In this embodiment, the consciousness data refers to the results of the patient's consciousness or cognitive level assessment, such as the score obtained from the Glasgow Coma Scale and the score obtained from the RASS Sedation Assessment Scale; the input/output fluid data refers to the amount of fluid injected into the patient's body within a predetermined time, or the amount of fluid discharged by the patient, such as the amount of infusion, injection, amount of fluid ingested in the diet, urine volume, etc.; the respiratory function data refers to the data related to the patient's respiratory or/and cardiopulmonary function status, such as the number of days wearing respiratory assist devices, peak airway pressure (PIP), mean airway pressure (MAP), respiratory rate; the physiological parameter data refers to the patient's physiological data, such as age, weight, body mass index, etc.
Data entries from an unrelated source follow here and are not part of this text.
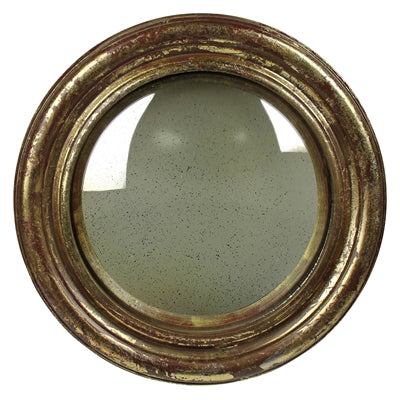 Convex Mirror, Antique Gold - Lrg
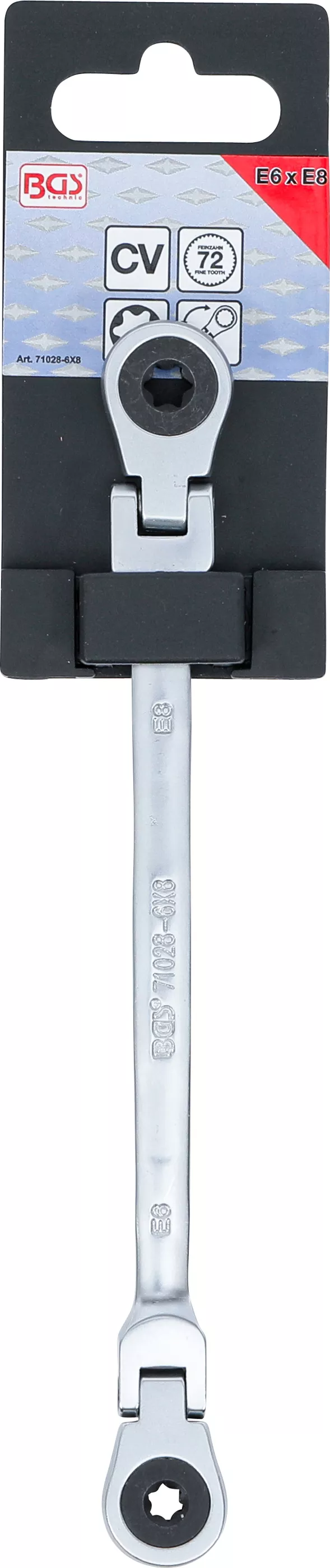 Chei inelare clichet duble | articulate | Capete inelare cu Profil E | E6 x E8 [4]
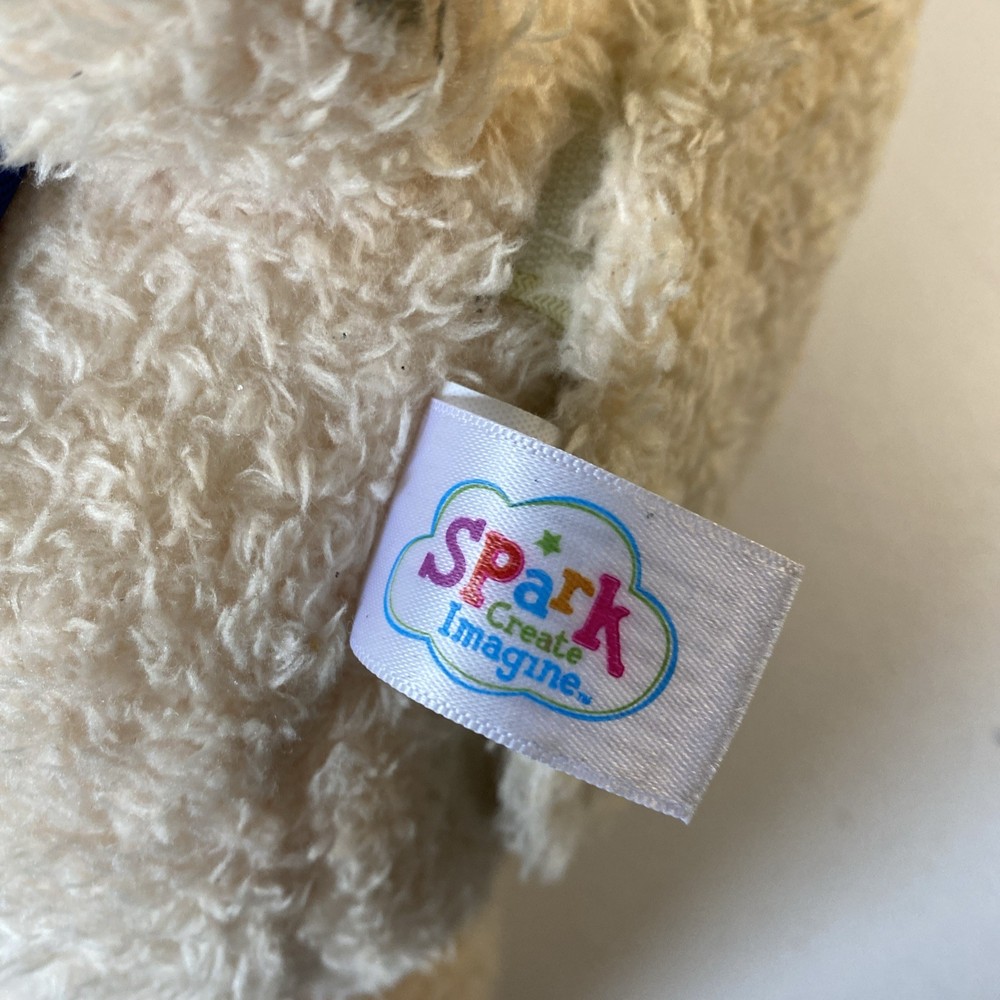 Spark Create Imagine Interactive Learning Plush Bear for Child, No Books (E1)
The processing device 30 is a hardware capable of executing a series of programs, instructions or operating data, such as a computer, a computer processor, etc. The processing device has a data processing module 31, a model training module 32, a cannula extubation prediction module 33 and a visualization module 34; wherein: the data processing module 31 is used to process the characteristic data from the patient, including performing a data pre-processing procedure and a characteristic data acquisition procedure. Specifically, the data preprocessing procedure refers to the step of deleting or/and supplementing the characteristic data after the data processing module 31 reads the characteristic data of the patients in the database, that is, the data processing module receives a preset reasonable range of each characteristic and uses it as a judgment standard. When a characteristic data does not fall within the preset reasonable range, the characteristic data is deleted; and the quantity of the characteristic data is checked to see whether it meets a predetermined value. If it does not meet the predetermined value, it is determined that the characteristic data is missing, and the missing part of the data should be supplemented by taking the average value of the characteristic data. The key feature extraction process refers to the data processing module 31 reading the feature data of a patient to be tested and extracting data related to a key feature as a key feature data.
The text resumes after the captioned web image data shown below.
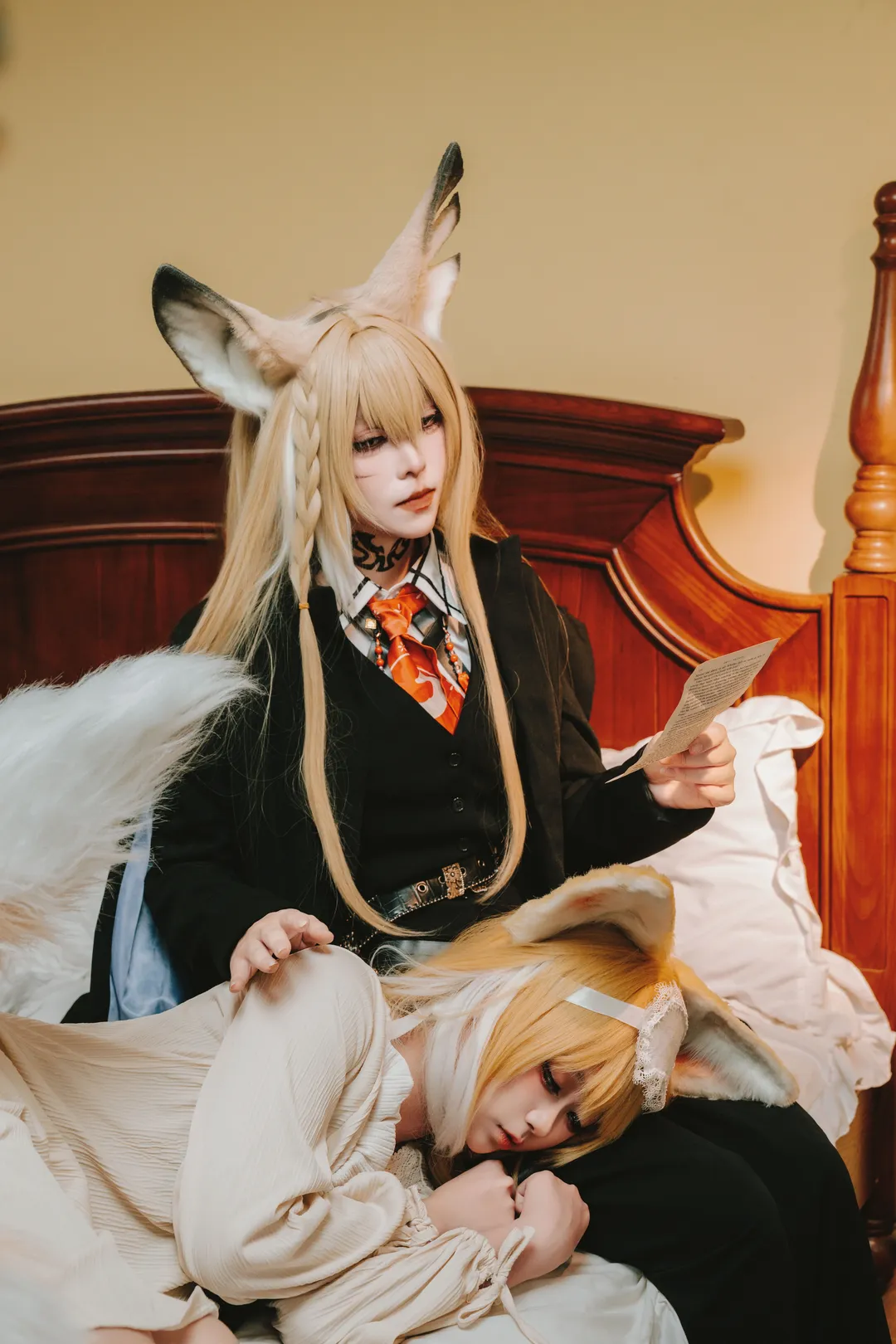 アークナイツ, 九尾の狐, スズランとヴァルピスフォリアのコスプレ, 獣耳日常, ペアコスプレ - 6枚目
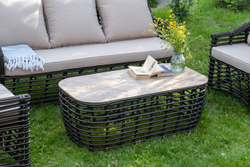 "Ницца" лаунж-зона из искусственного ротанга, цвет бронзовый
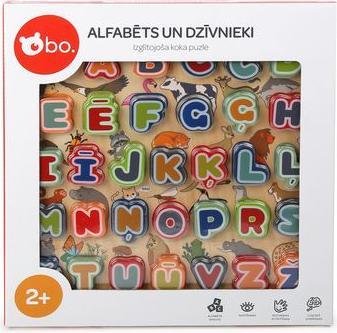 bo. Puzzle Alphabet and Animals LAT (33 Teile)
The model training module 32 receives the feature data processed by the data processing module 31, and trains a machine learning model with at least a portion of the feature data, and verifies the trained machine learning model and the obtained results with at least a portion of the feature data, so as to generate an extubation prediction model and the key features used for the extubation prediction training model.

In this embodiment, the machine learning model is a well-known calculation logic or algorithm in the technical field to which the present invention belongs, such as XGBoost (Extreme Gradient Boosting), CatBoost (Categorical Boosting), LightGBM (Light Gradient Boosting Machine), Random Forest (RF) and Logistic Regression (LR).
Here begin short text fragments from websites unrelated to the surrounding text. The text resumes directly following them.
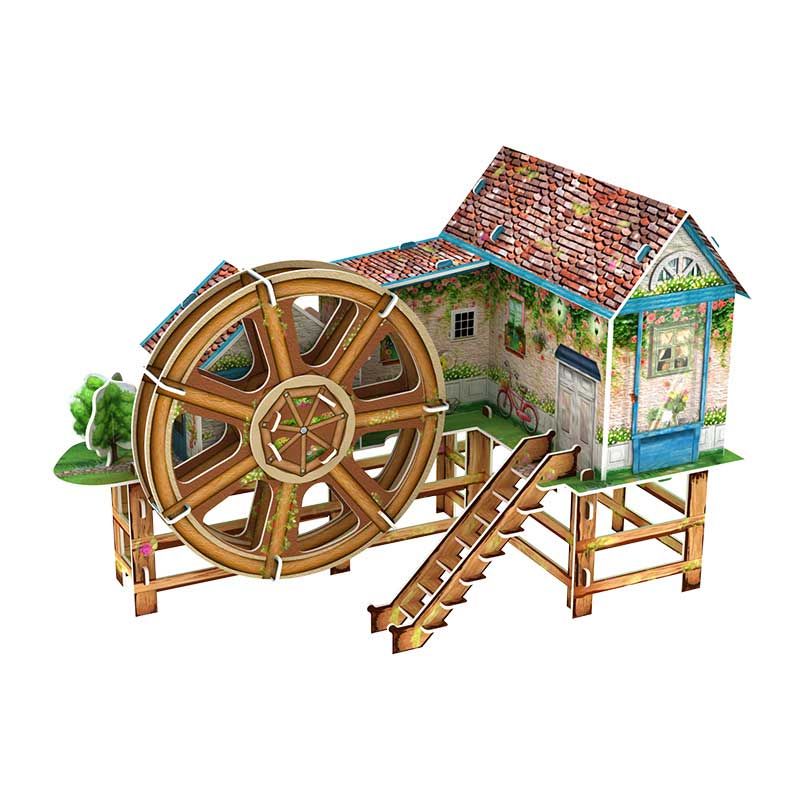 Waterwheel Villa Jigsaw Puzzle (ZM-304)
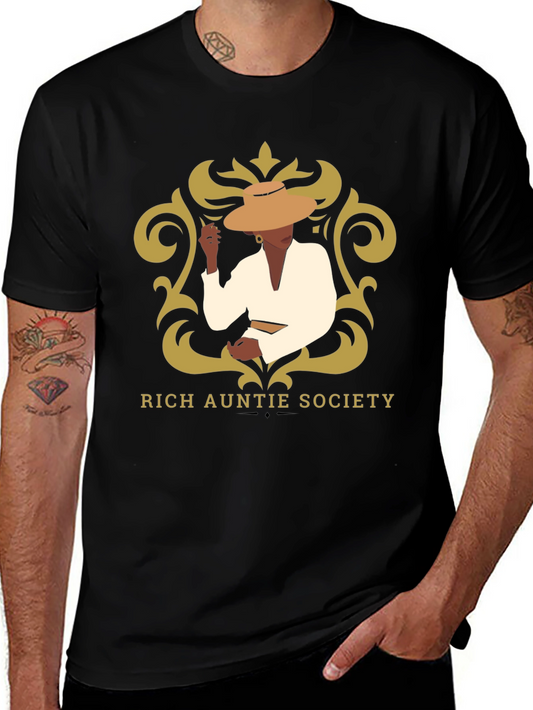 Rich Auntie Society Graphic Tee - Black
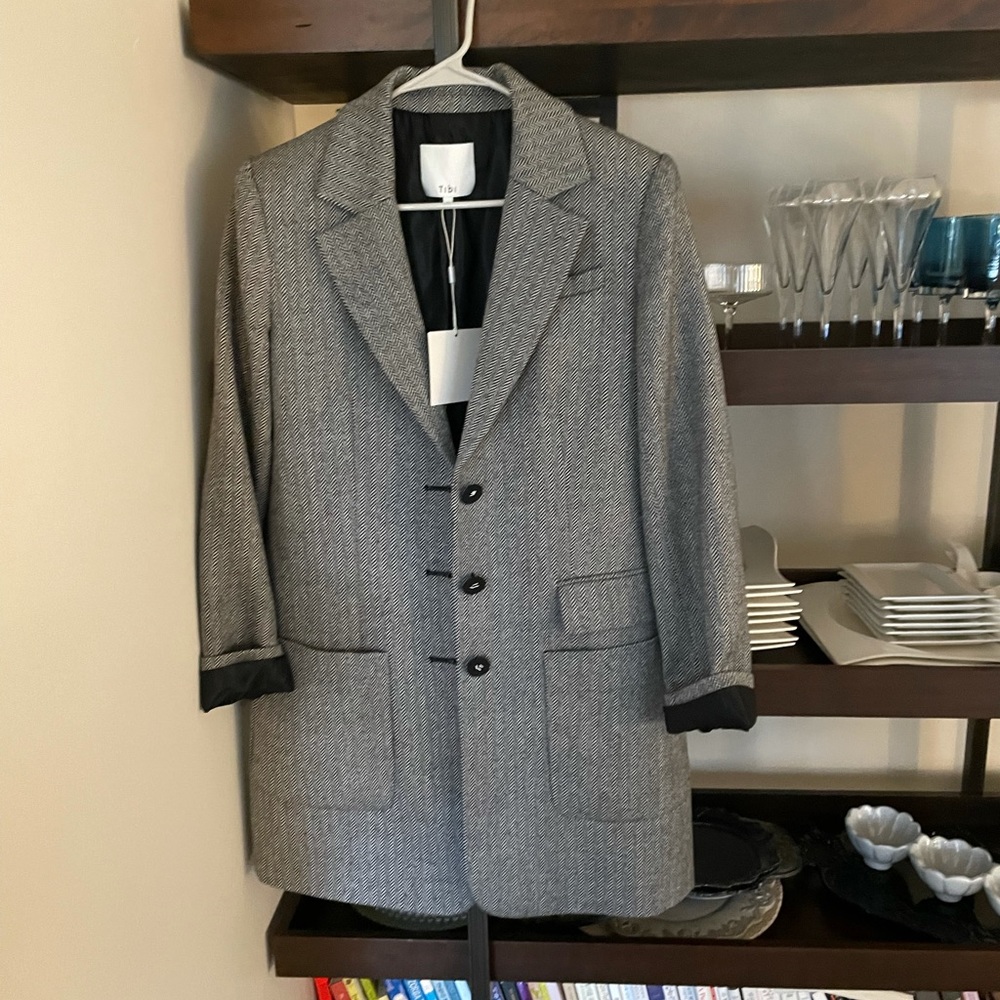 Tibi Herringbone Jacket.NO TAGS but didn’t wear. So NWOT!! It’s beautiful.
In this embodiment, there are 20 key features, including age, number of days using respiratory assistance devices, and GCS score, urine output, injection volume, nutrition, RASS score, PIP, MAP, respiratory rate, and heart rate measured 1 day and 2 days before the predicted day of extubation.

The extubation prediction module 33 obtains the extubation prediction model from the model training module 32, and uses the extubation prediction model to analyze the key feature data from the patient to be tested, so as to generate the extubation probability of the patient to be tested within 24 hours after the extubation prediction date, and the correlation information between each key feature and the extubation probability.

The visualization module 34 converts the correlation information between each key feature and the possibility of extubation into a visualization interface for presentation on a display or a device with a display, such as a computer, a screen, a tablet computer, a mobile phone, etc.

Through the composition of the above components, the present invention discloses a system for establishing extubation prediction using a machine learning model, which can automatically and instantly analyze whether patients hospitalized in intensive care units are in a state suitable for weaning from respiratory assistance devices. In addition to providing the extubation probability rate to clinical physicians in a quantitative manner as a reference for evaluating extubation, it can also further provide clinical physicians with information on the correlation between key features and the extubation probability rate, thereby increasing the interpretability of the extubation probability rate and achieving the effect of increasing the credibility of the extubation probability rate.

Another embodiment of the present invention provides a method for establishing extubation prediction using a machine learning model, which includes the following steps:

Step 101: Input a plurality of training feature data, wherein the feature data are from a plurality of patients who use respiratory assist devices during hospitalization in the intensive care unit, and the feature data include consciousness data, input/output fluid data, respiratory function data, and physiological parameter data, and the description of the consciousness data, the input/output fluid data, the respiratory function data, and the physiological parameter data is the same as that described in the above embodiment, so it is not elaborated here.

Step 102: Perform a data preprocessing procedure on the training feature data to delete unreasonable feature data and/or supplement missing feature data; train a machine learning model with at least a portion of the training feature data that has completed the data preprocessing procedure, and perform a validation procedure on the trained machine learning model with at least a portion of the training feature data that has completed the data preprocessing procedure to generate an extubation prediction model and a key feature.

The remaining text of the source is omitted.